The President stated this while speaking in response to the group’s demand for female vice-president of Nigeria. President Buhari, who had already declared his interest to seek re-election for another four year term, is yet to formerly announce whether he will run with Osinbajo as the Vice-President.

He said: “It is a pity the VP is not here, but I believe the Secretary to the Government of the Federation will brief him that his position is threatened. “It is only the vice president who is threatened. And if we win the next election, he may lose his position.” President, who continued in the jocularly manner asked the Secretary to the Government of the Federation (SSG), Boss Mustapha, to convey the message to Osinbajo that his position was being threatened.

The President who told the delegation to disabuse the minds of other female politicians from their belief that men are aggressive, noted that men had been fair to them by allowing them to participate in politics.

He thanked the nation’s women for supporting him each time he contested presidential elections President Buhari told the delegation to ask their colleagues to extend the same support for his reelection bid.

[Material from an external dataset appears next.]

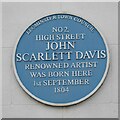 Blue plaque to John Scarlett Davis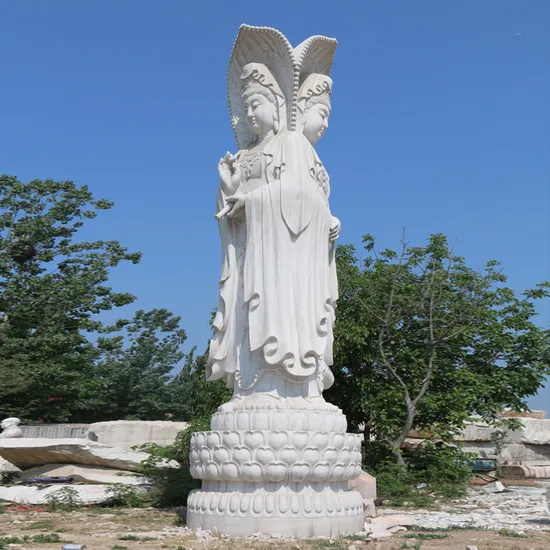 Giant Buddha Sculpture Marble Guan Yin Buddha Statue for Sale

On the request of the group for similar arrangements to be made in the states and senatorial zones, President Buhari said “I am not as powerful as you think”, noting that such a request could only be granted by a military head of state. He told them he had dropped the uniform for “agbada”.

Leader of the delegation and president of CONFEPA, Elizabeth Ativie, who had earlier told Buhari that anything he said on the delegation’s demand “will become policy and subsequently law”, specifically requested that, “whenever the president is a man, the vice president should be a woman.”

She also said only Buhari could ensure that “for every three senatorial seats in the states, one should be a woman; where there are nine House of Representatives (members), the men should take six and leave three for women.”

Ativie had also complained to Buhari thus: “Nigeria has gone through five elections since 1999. However, the political transformation is still male-dominated. The story of women in decision-making is yet to change for the better. Women are still very much marginalised in politics. “At present, in the Senate, only one of the principal officers is a woman and only eight of the 109 senators are women. The House of Representatives has only one female principal officers and 22 women out of the 360 members.

“There are less than five per cent of women representatives in the state Houses of Assembly. Your Excellency will agree with us that this trend has to be reversed. Nigeria needs to invest in women’s participation in politics by creating an enabling environment for women to thrive and tackle perceived systematic and cultural hindrances to women’s inclusion. “Currently, many African and European nations are daily finding ways to include more women in governance.

Some have elected or appointed women as heads of states, prime ministers, heads of foreign ministries and other key positions of decision-making. It will not be out of place, Your Excellency, for women to be given such opportunities in our dear nation.”

She appealed to Buhari to ensure “that the few women presently elected or appointed are retained, promoted to the next level and the number of female representation increased at the federal, state and local government levels.”